Let Blackwell be Blackwell

5/9/2006

KEN Blackwell shouldn't be bullied by his weak-kneed fellow Republicans. He must force them to stick with the deal they made last year and keep his tax and expenditure limitation (TEL) amendment on the Nov. 7 ballot.

The votes hadn't been completely counted after last week's primary election when some Ohio GOP leaders were plotting ways to deep-six TEL, centerpiece of the secretary of state's winning campaign for the Republican nomination for governor.

Their timid view was that the constitutional amendment's proposed strict limits on state and local taxes and spending would scare off enough voters to cost the GOP the governor's office and, possibly, control of the General Assembly in the fall election.

Nonsense.

The Republicans will fare better in November if they let Ken Blackwell be what he should be - the conscience of fiscal conservatism the mainstream elements of the party have shunned while controlling the Statehouse for the past 16 years.

The GOP regulars, led by chairman Bob Bennett, made a deal in 2005 with Mr. Blackwell. He kept TEL off last November's ballot so Republicans could concentrate on defeating the Democrats' package of government reform amendments. The strategy worked; the Reform Ohio Now issues were soundly rejected.

Now that Mr. Blackwell has defeated GOP insider Jim Petro to be the party's standardbearer, he should come forward to reassert his faith in TEL and not be persuaded to back away. If he does not, he will be just like the weathervane politicians he purports to abhor.

Questions about the language of TEL, as well as the number of valid petition signatures, are phony issues at this point. The amendment, which would limit annual growth in state spending to 3.5 percent or to the rate of inflation adjusted for population growth, already has been certified for the November ballot.

TEL is what Mr. Blackwell advertised it to be: a very tough rein on taxes and spending at all levels of Ohio government, from school boards to the legislature. If voters decide they like the idea, they'll approve the amendment. If they smell a problem, they'll knock it down.

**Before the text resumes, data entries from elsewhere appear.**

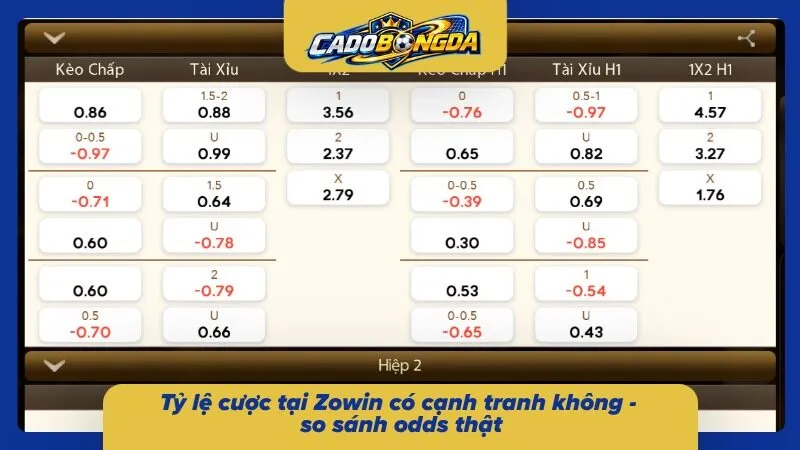 Tham khảo tỷ lệ cược hấp dẫn từ những nhà cái uy tín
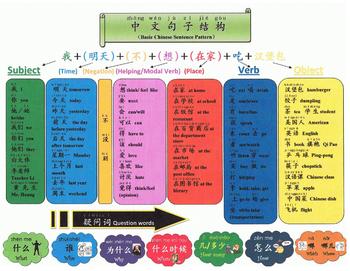 Preview of Basic Chinese Sentence Pattern and Question words Chart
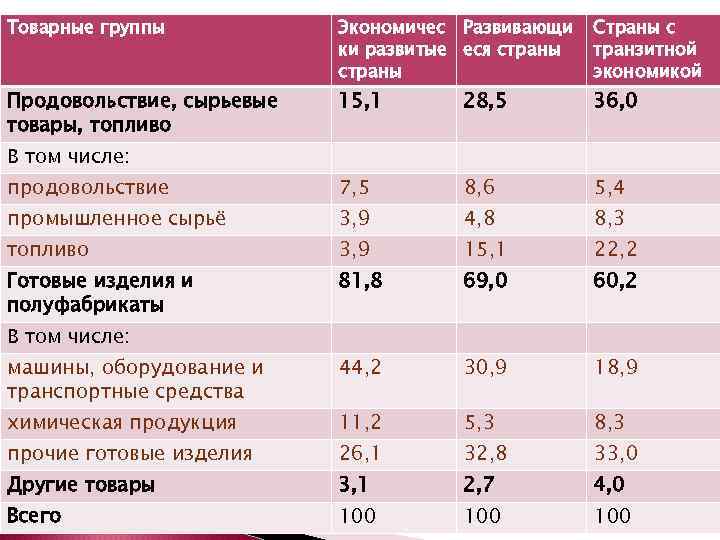 Товарные группы Экономичес Развивающи ки развитые еся страны Страны с транзитной экономикой Продовольствие, сырьевые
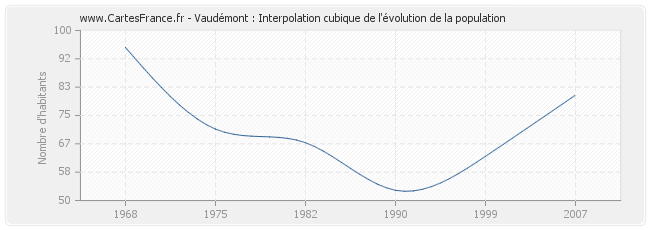 Vaudémont : Interpolation cubique de l'évolution de la population
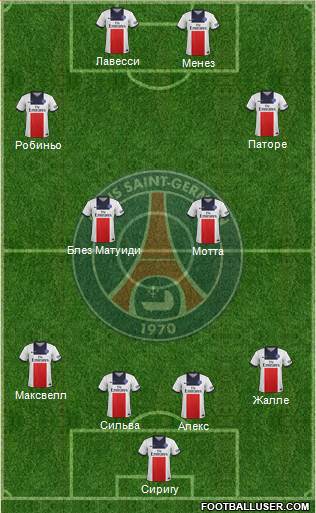 Paris Saint-Germain Formation 2013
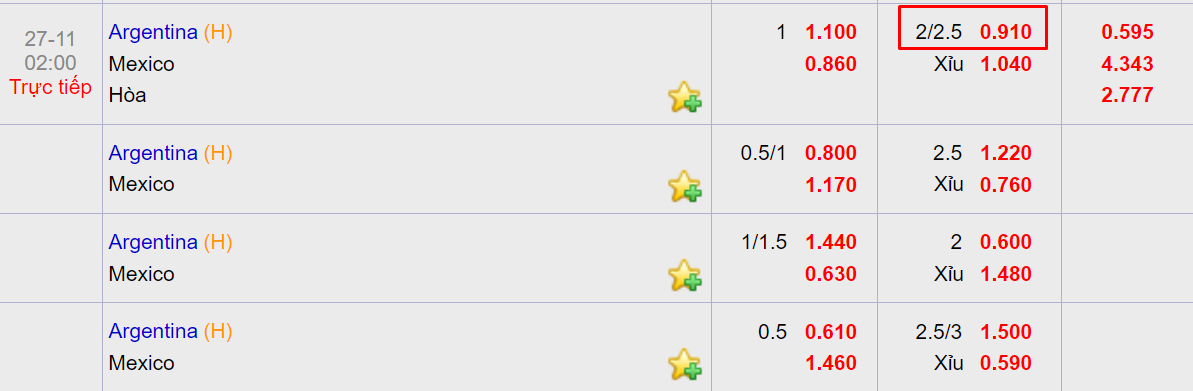 soi keo tai xiu Argentina vs Mexico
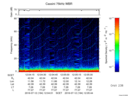 T2016194_12_75KHZ_WBB thumbnail Spectrogram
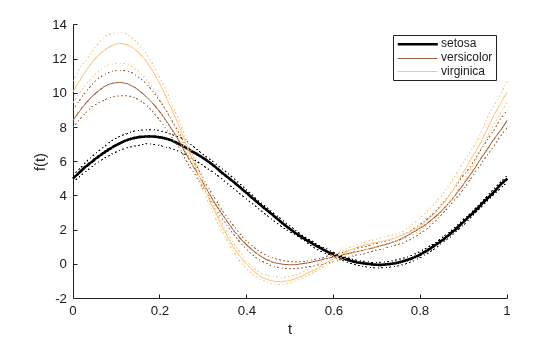 Figure contains an axes object. The axes object with xlabel t, ylabel f(t) contains 9 objects of type line. These objects represent setosa, versicolor, virginica.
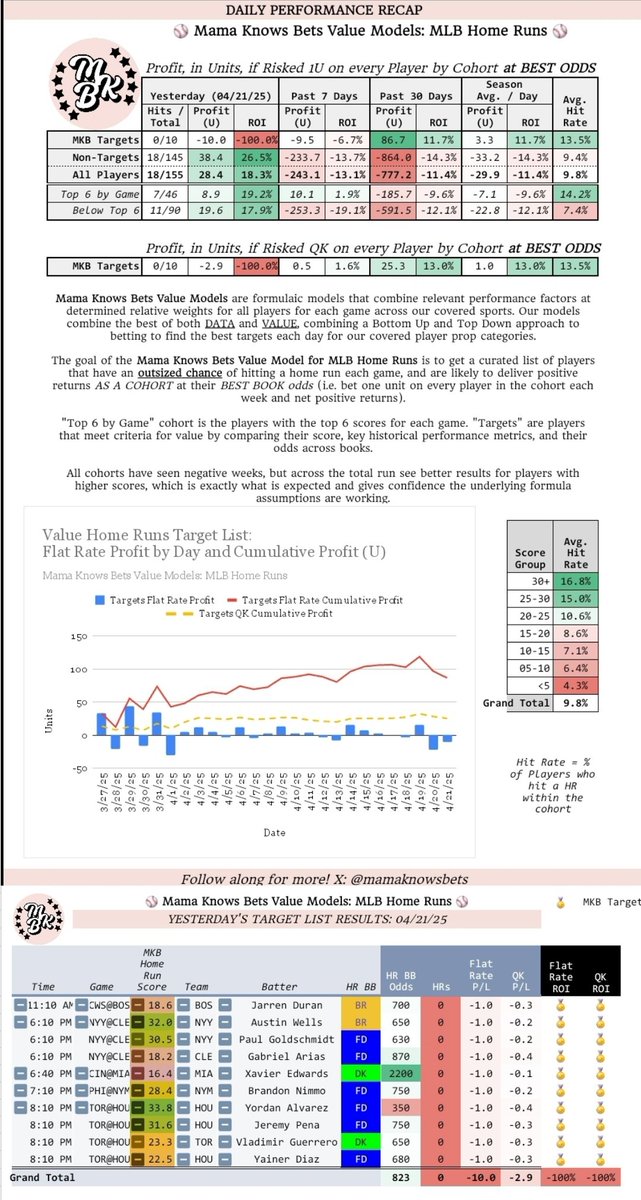 Mama Knows Bets tweet media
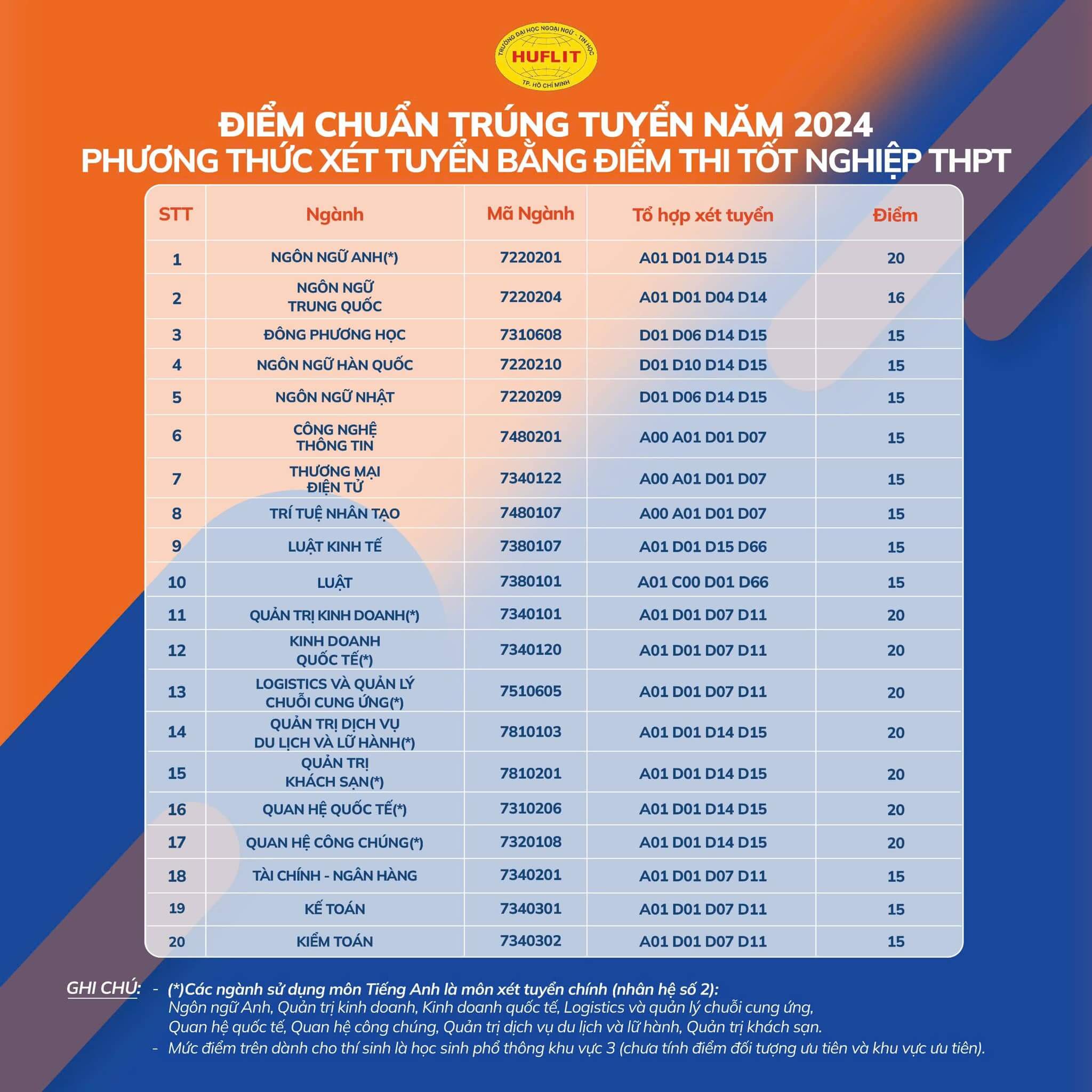 Điểm chuẩn Đại học Ngoại ngữ - Tin học Tp Hồ Chí Minh 2024 (2023, 2022, ...)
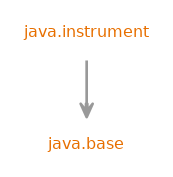 Module graph for java.instrument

And that's the way it should be.

It is long past time for a full-throated debate in this state over taxation and spending. Republicans have talked a good game, but during their nearly two decades of control, things have gotten out of control, both fiscally and ethically.

The state budget has soared beyond reason, and GOP officials have lapsed into the kind of arrogance and complacency that comes with one-party rule. Worse, they've succumbed to the sort of criminal insiderism that has been painfully illustrated over the past year by the Coingate scandal and Gov. Bob Taft's guilty pleas on ethical matters.

If Mr. Blackwell backs away from TEL, and becomes merely one more GOP "regular," the Democrats will have largely succeeded without first being forced to show Ohioans how they will provide more state government with less.

That's the central issue of this campaign. Both parties will have to present their most reasonable solutions, and the voters will decide.

But the battle cannot be effectively joined if TEL isn't part of the debate. Let Ken Blackwell be Ken Blackwell, and leave the amendment on the ballot.